* _What this task involves_: With images removed, return the whole listing exactly as written.

* _Data provided_:

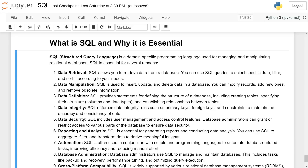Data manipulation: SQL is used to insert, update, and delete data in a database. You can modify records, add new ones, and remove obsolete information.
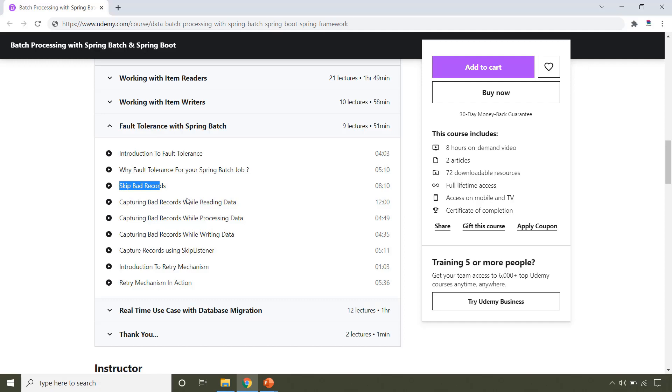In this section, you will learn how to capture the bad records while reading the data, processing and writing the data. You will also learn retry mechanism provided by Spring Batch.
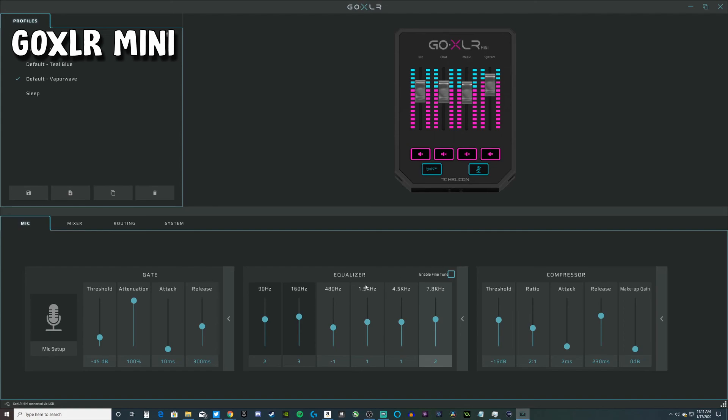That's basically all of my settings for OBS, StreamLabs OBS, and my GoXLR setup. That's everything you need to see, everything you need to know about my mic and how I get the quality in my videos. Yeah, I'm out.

* _Problem solution_:
Data manipulation: SQL is used to insert, update, and delete data in a database. You can modify records, add new ones, and remove obsolete information.
In this section, you will learn how to capture the bad records while reading the data, processing and writing the data. You will also learn retry mechanism provided by Spring Batch.
That's basically all of my settings for OBS, StreamLabs OBS, and my GoXLR setup. That's everything you need to see, everything you need to know about my mic and how I get the quality in my videos. Yeah, I'm out.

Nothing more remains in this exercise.